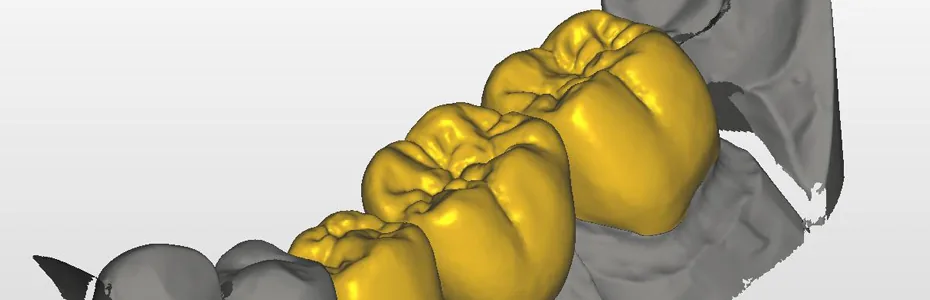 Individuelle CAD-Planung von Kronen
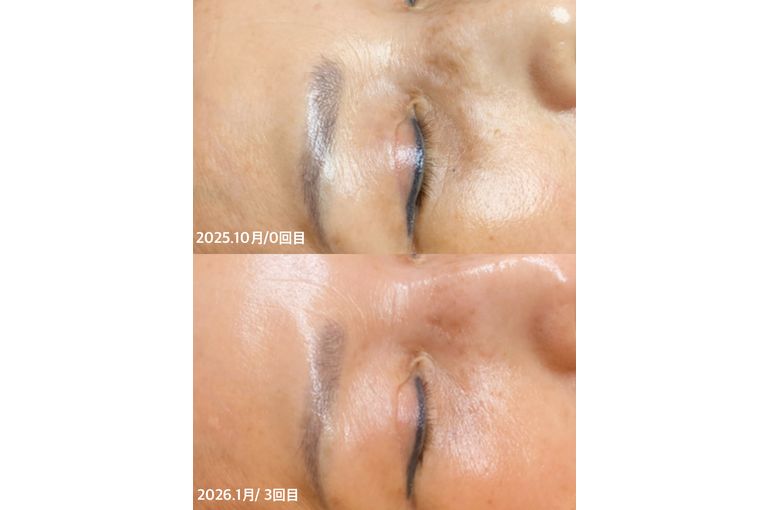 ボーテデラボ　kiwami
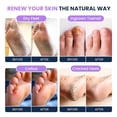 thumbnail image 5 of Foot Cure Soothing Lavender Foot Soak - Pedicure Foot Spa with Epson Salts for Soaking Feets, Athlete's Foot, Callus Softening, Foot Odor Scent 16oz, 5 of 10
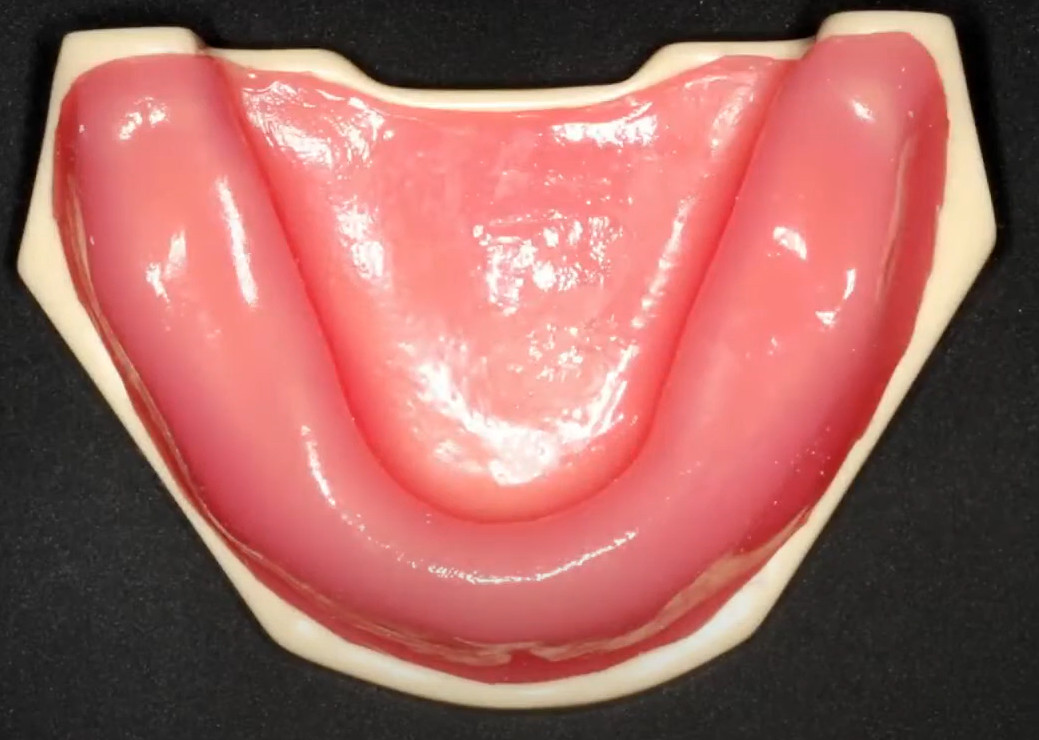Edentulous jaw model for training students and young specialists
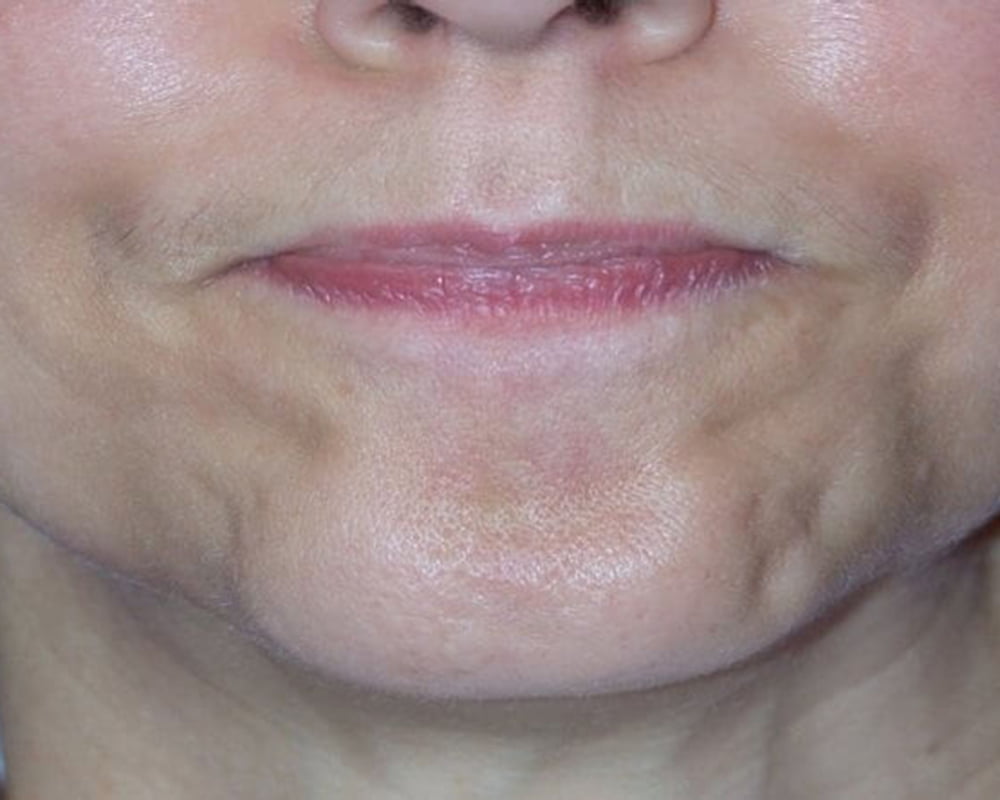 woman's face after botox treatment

• [What needs to be done]: Set down exactly, and only, the lines from the one containing "ボーテデラボ　kiwami" through the last line of the entries. Pictures do not belong in the copy.

• [Answer box]:
 ボーテデラボ　kiwami
 thumbnail image 5 of Foot Cure Soothing Lavender Foot Soak - Pedicure Foot Spa with Epson Salts for Soaking Feets, Athlete's Foot, Callus Softening, Foot Odor Scent 16oz, 5 of 10
Edentulous jaw model for training students and young specialists
 woman's face after botox treatment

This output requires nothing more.